|15-12-25| La parroquia de la Mercè de Lleida acogió el pasado domingo una nueva edición del Festival de Navidad organizado por la Delegación de Pastoral con las Personas Migradas, un encuentro que reunió a comunidades de diversos orígenes para celebrar el nacimiento de Jesús a través de la música, la fe compartida y la convivencia. El festival llenó la parroquia de villancicos, emoción y alegría. Comunidades procedentes de Ucrania, Perú, Rumanía —católica y ortodoxa—, Honduras, El Salvador, Camerún, Guinea y Senegal, junto con la comunidad anfitriona y los coros de la unidad pastoral, interpretaron cantos navideños en diferentes lenguas y acentos, pero con un solo corazón.

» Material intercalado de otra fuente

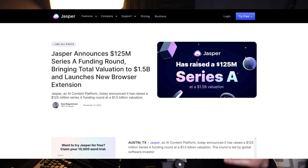It's 2023 and AI writing tools are everywhere. One of the most well-known AI writing tools is undoubtedly Jasper. And with Jasper getting a huge series of funding, we thought now would be a good time to compare Jasper versus Content at Scale.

El acto no fue solo un concierto, sino una auténtica proclamación de fe. En un contexto marcado por las guerras, las migraciones forzadas y la nostalgia de muchas personas, el festival recordó que Dios sigue naciendo en medio de su pueblo.

 

El recorrido musical giró en torno a diversos ejes significativos: el “sí” de María, el Magníficat como escuela del corazón creyente y el protagonismo de los niños como signo central de la Navidad. Especialmente los niños y niñas ucranianos y de otros países afectados por la violencia pusieron rostro a una súplica compartida: que la paz no sea solo un deseo, sino un don acogido y cuidado. Los cantos resonaron en catalán, castellano, latín, inglés, francés y otras lenguas, recordando el sentido profundo de la catolicidad de la Iglesia, entendida no como una estrategia, sino como una vocación.

 

Uno de los momentos más aplaudidos llegó cuando se expresó en voz alta una convicción compartida: no se trata solo de acoger a las personas que llegan, sino también de dejarse evangelizar por su fe, su alegría y su manera de celebrar. Tal como se recordó al final del acto, muchas personas llegaron pensando que venían a dar, pero se fueron con la certeza de haber recibido mucho más.

 

El festival concluyó con un canto conjunto que unió voces, edades, historias y países, expresando que, cuando nace Jesús, nadie sobra. Desde la Pastoral quisieron «agradecer a nuestro Señor por darnos una nueva oportunidad de compartir nuestras maneras de vivir la fe; a Mn. Vicente, que nos ha abierto su casa con mucha generosidad; a Mn. Adrián, responsable de la Delegación de Pastoral con Personas Migradas y Refugiadas; a Mn. Daniel, el rector de la comunidad ortodoxa de Lleida; a todos los cantores y a las personas que han asistido».